第一次见面时,吉米对雯妮就很有好感,甚至可以说是一见钟情,可惜的是,在那之后隔了五年他们才有了第二次见面。那是在上海的一条小街上,他果断地用自己特殊的方式表达了他对雯妮的深情和忠诚:“他把那张有四个漂亮姑娘(可以任选其一作为他的妻子)的小照片留在桌子上了”[5]。并且第二天在他们俩约定了的地点等了四个半小时,盼望和雯妮再见面。

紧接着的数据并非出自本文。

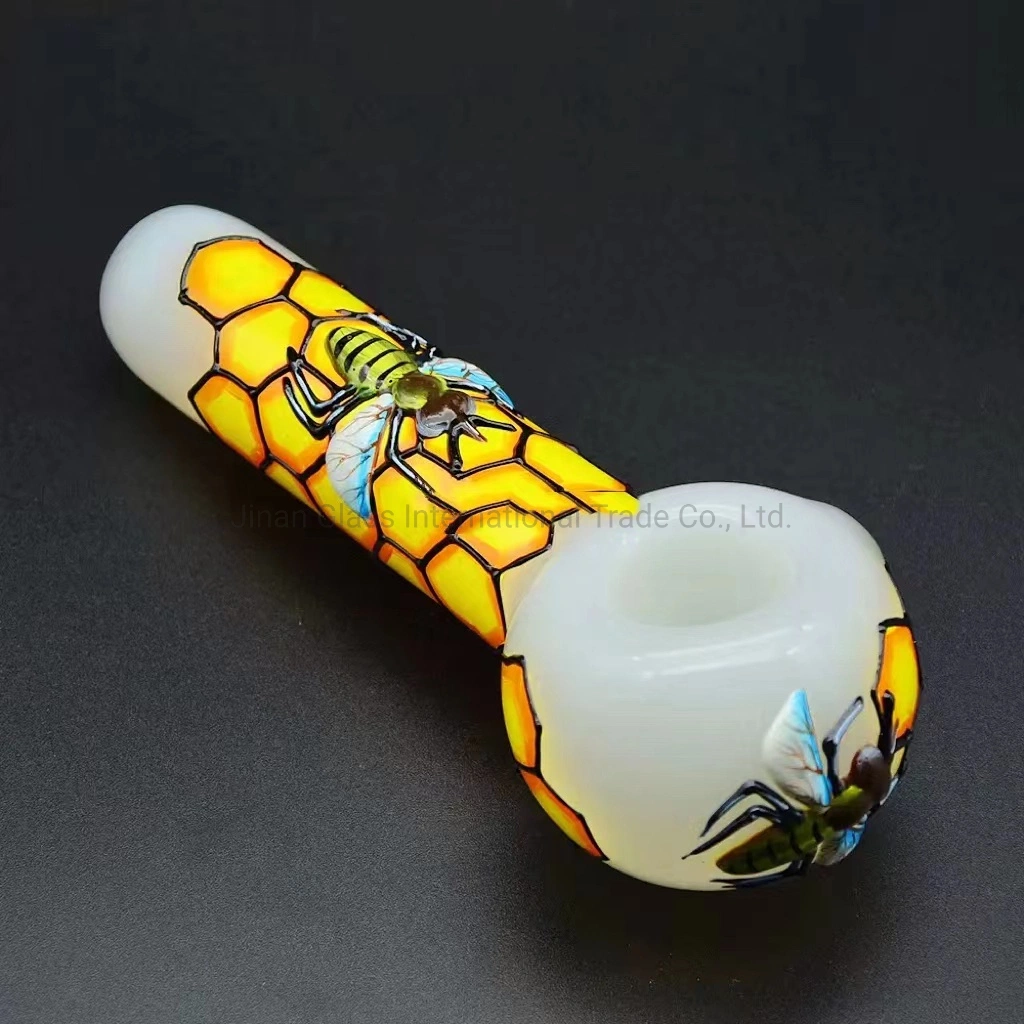 Bee Honeycomb Glass Hand Pipe Bowl Tobacco Smoking Spoon Pipes Oil Burner Dry Herb Bubbler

在雯妮被送进监狱期间,吉米虽不得已回到了美国,但空间上的距离并没有把他们的心隔开,吉米对雯妮依然不离不弃。他频繁地给雯妮写信,诉说他的真心,告诉雯妮他愿意等她,不论多长时间。
3.2 雯妮———对中国女性刻板印象的颠覆
对于华裔女性来说,美国主流文化对她们的刻板描述与男性的两种类型非常相似。按照亚裔美国学者彦·勒·埃斯皮若塔斯的说法,华人女性形象大致可分为两类,一类是“龙女”型,即阴险、邪恶、足智多谋、身手矫健、智勇双全的女魔王,与傅满洲的形象极为类似;另一类则是“莲花”型,即娇小可爱、温柔顺从、渴望被白人男性拥有、拯救,即便是遭受遗弃也无怨无悔的“亚洲娃娃”,这与陈查理的形象也不无共通之处[4]。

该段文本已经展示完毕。